RECORD EXCERPTS Block Start

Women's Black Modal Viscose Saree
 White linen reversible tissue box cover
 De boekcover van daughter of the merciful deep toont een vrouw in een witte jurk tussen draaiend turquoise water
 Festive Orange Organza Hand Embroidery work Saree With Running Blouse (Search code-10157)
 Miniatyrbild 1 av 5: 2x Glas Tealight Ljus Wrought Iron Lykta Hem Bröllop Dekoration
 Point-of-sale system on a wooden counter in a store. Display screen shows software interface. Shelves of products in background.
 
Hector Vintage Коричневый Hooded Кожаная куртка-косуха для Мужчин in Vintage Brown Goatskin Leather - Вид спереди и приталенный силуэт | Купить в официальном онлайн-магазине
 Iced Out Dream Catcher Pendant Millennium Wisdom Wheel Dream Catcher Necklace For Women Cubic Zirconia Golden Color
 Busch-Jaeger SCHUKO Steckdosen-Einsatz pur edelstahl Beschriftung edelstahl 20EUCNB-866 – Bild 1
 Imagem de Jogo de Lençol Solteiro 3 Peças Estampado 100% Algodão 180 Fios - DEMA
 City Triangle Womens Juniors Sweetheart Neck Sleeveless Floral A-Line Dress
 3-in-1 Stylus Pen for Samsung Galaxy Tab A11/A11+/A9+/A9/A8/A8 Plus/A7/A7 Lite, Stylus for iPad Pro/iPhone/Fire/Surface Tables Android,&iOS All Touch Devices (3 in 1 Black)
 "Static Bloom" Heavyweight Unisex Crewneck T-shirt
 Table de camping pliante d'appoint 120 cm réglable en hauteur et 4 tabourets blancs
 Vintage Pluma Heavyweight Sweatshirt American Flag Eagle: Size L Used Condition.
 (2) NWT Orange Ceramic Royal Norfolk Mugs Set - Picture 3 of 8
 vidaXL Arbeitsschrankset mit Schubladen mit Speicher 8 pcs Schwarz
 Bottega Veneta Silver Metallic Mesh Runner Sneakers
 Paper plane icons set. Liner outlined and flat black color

RECORD EXCERPTS Block End

### [TASK STATEMENT]
What is the number of lines above that contain the string "Orange"? Answer with the number alone.

### [ANSWER AREA]
2